• [Work instruction]
In the listing that follows, find the line with "A photograph of", then copy exactly from it through the line with "Letto Alla Francese", leaving out every picture.

• [Given records]
****************************************

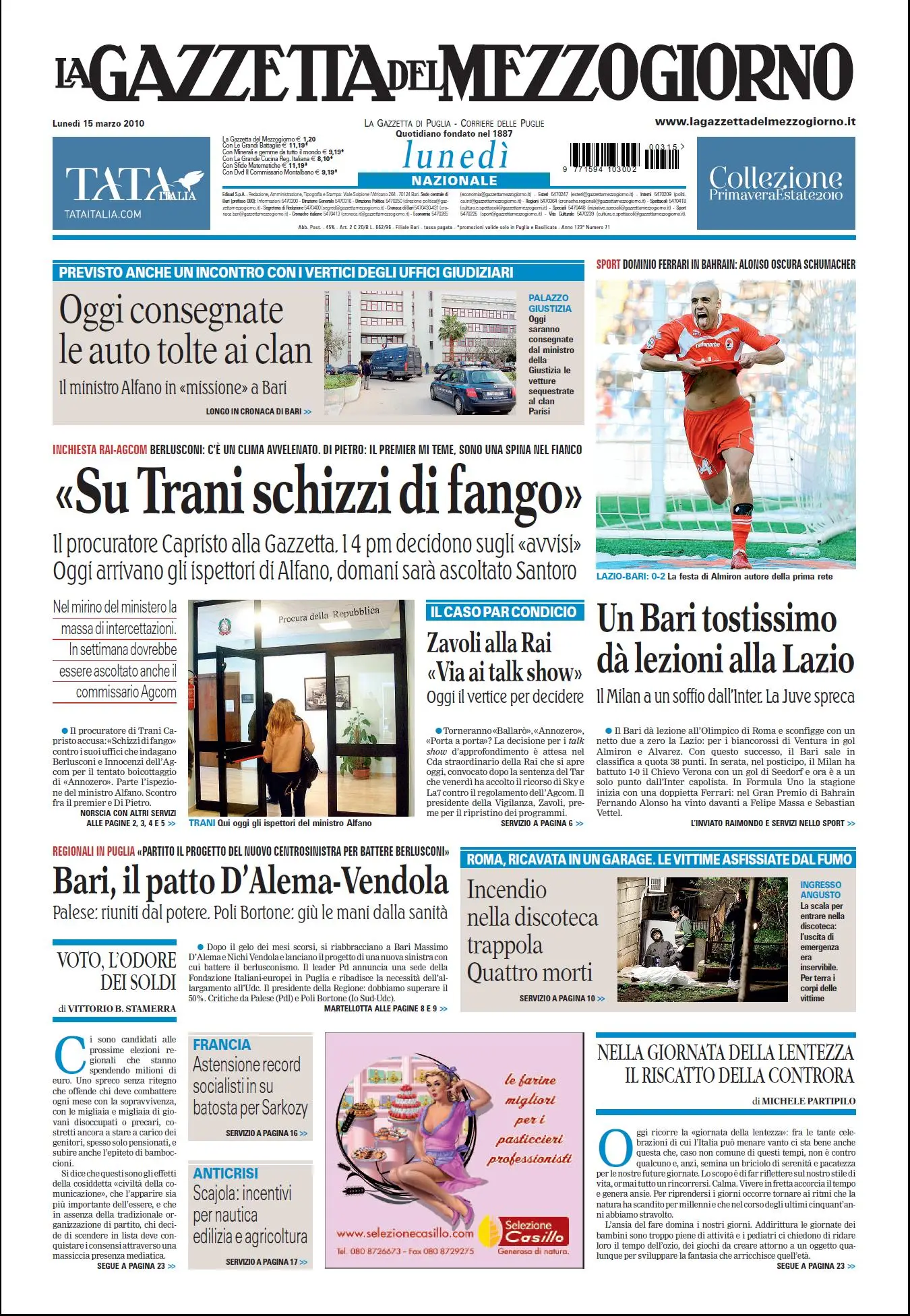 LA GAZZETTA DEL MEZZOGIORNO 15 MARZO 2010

****************************************

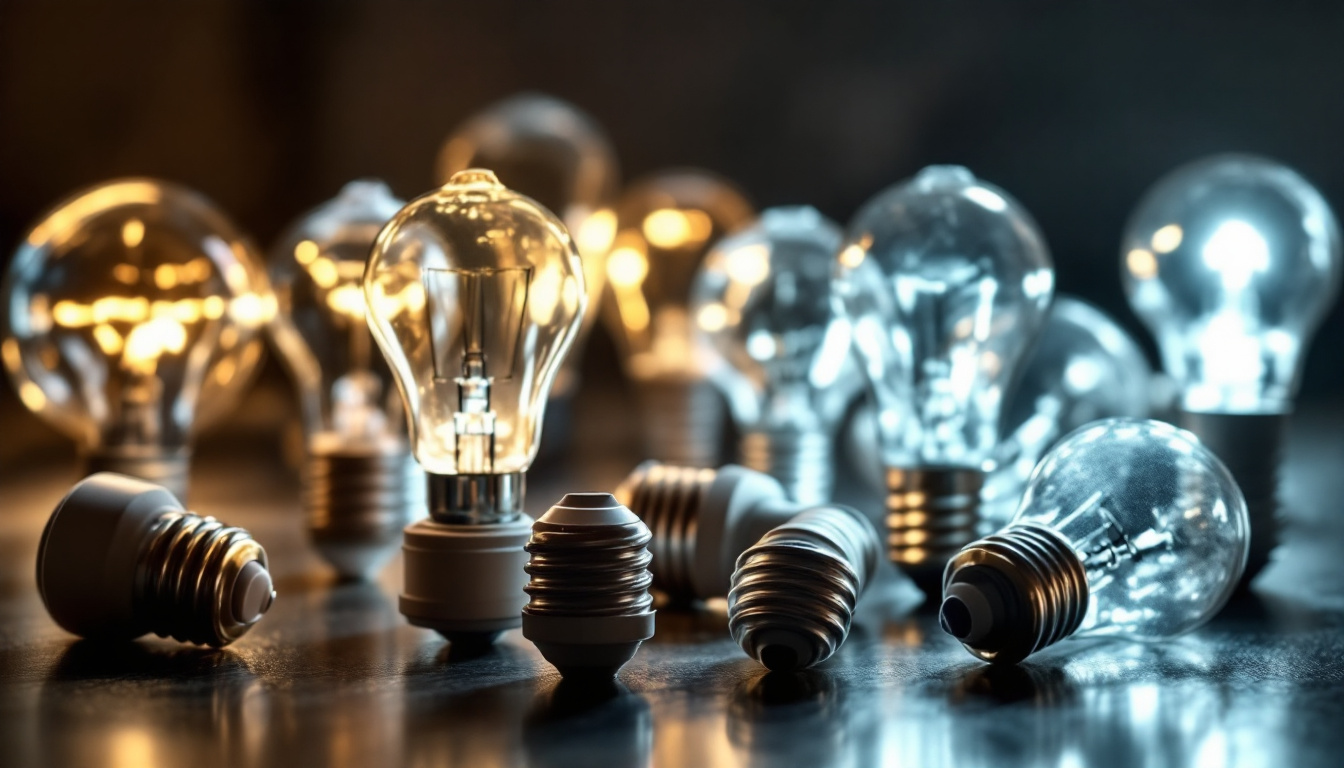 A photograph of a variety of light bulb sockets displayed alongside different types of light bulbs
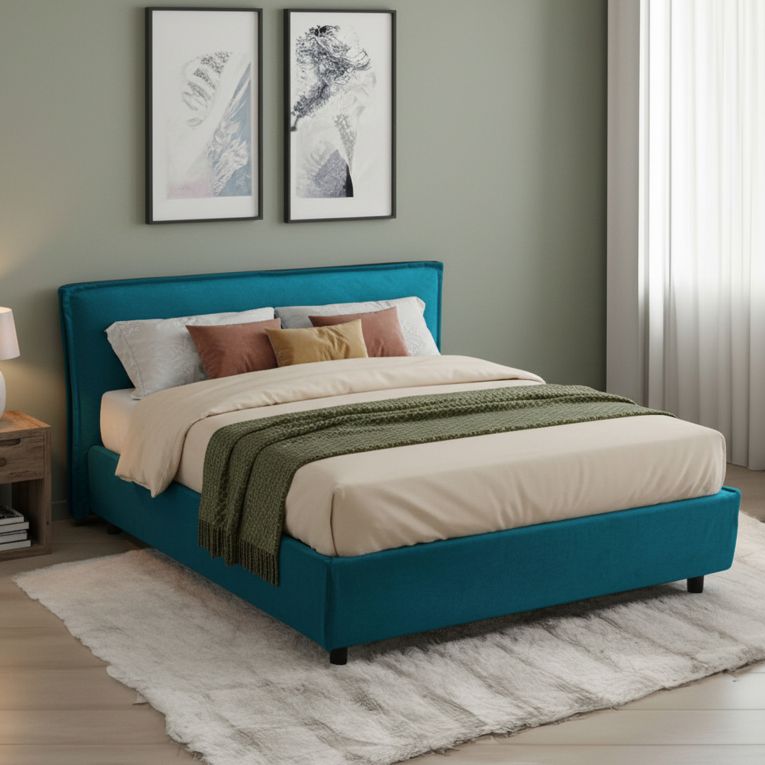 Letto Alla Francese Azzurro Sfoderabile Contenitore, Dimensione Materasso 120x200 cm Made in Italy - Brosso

****************************************

• [Problem solution]
 A photograph of a variety of light bulb sockets displayed alongside different types of light bulbs
 Letto Alla Francese Azzurro Sfoderabile Contenitore, Dimensione Materasso 120x200 cm Made in Italy - Brosso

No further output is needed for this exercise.